WIPACrepo / pyglidein

Some python scripts to launch HTCondor glideins
MIT License
6 stars 20 forks source link

New ClassAd to store the GPU Type string #60

Closed gonzalomerino closed 7 years ago

gonzalomerino commented 7 years ago

Opening new separate ticket for this:

It would be nice to add something in the pyglidein that tries to get the information on the GPU type (for instance, running nvidia-smi if available, and then recording a string on whatever was found: K80, GTX 980, P100 ...) Then if we have this string stored for intance in a Machine Ad like GLIDEIN_GpuType for instance, it will be good to be able to "pass it" to the Job Ads so that we keep the information about which GPU the job ran at as part of the job history information. This last step would be related to #59

briedel commented 7 years ago

Is there a reason this information should be stored within condor_history rather than have some sort of script running that talks to a DB?

gonzalomerino commented 7 years ago

the condor_history logs are already storing a ton of accounting information. I would like that information to be as complete as possible so that we can do analysis, find out correlations, etc with old jobs data.

if iceprod2 wants to gather and store this information also in its DB, I do not mind. Up to iceprod2.

what I would not do is to add an accounting DB to the pyglidein functionality. I would try to keep the pyglidein as simple and thin as possible.
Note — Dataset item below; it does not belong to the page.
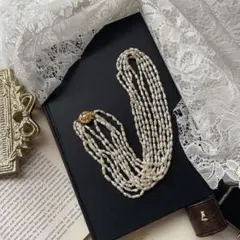 【美品】ホワイトパール 5連 多重ネックレス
I am not sure if this is what you suggested.

briedel commented 7 years ago

I am suggesting having a separate accounting. The workflow in the job would be:

Load icecube env -> run script that determine the machine resources -> send information back -> jobs workload runs

condor_history has a lot of information in it that isn't necessarily useful, i.e. do we really know the in scripts that people run or what the inputs the scripts are? The "lets-dump-everything-cause-we-can" approach just creates a lot of noise and makes data analysis down the road harder.

gonzalomerino commented 7 years ago

True, the condor_history has a lot of information. To me, this is a reason to make sure it has the information we need among all that stuff. We are keeping that data anyway since it provides us with very useful accounting information. We regularly use probably a subset of 10 to 20 classads there to do debugging, benchmarking, accounting, etc. I do not see the need to replicate that info gathering in pyglidein, if we can avoid it.
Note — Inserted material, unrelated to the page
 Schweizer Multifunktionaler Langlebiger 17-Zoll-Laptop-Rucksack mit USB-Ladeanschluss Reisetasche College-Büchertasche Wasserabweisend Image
What we should have in place (in our plate) is a reasonable system for skimming the condor_history files to analyze the 10-20 classads subset that we are interested in. The idea is to use some nosql database. We need to see what is already out there and what we need to build, but I think we will benefit from using the existing condor infrastructure to gather information. Condor is basically a messaging system based in classads. Since we are embracing condor already, for good or bad, I would not ignore it and use it for our benefit.

Given that iceprod2 will provide its own pilot, so we will be running (iceprod2) pilots inside (glidein) pilots. To me the place to put a parallel info gatherin sytem, if any, would probably be the iceprod2 pilot. But again I would not put this at the top of the development list, since I think we can get this information from condor with very little effort. So, we can concentrate our limited manpower in really new functionality.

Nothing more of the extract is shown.